What you need to do:
Write out, from the entries below, exactly the lines that run between the lines holding "LOUIS VUITTON ルイヴィトン" and "Clear Museum Gel", inclusive, and stop there.

Records provided:

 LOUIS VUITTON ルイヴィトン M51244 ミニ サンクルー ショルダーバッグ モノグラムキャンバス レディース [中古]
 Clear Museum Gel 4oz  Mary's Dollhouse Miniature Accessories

---

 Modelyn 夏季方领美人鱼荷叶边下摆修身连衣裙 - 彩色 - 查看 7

Solution to the problem:
 LOUIS VUITTON ルイヴィトン M51244 ミニ サンクルー ショルダーバッグ モノグラムキャンバス レディース [中古]
 Clear Museum Gel 4oz  Mary's Dollhouse Miniature Accessories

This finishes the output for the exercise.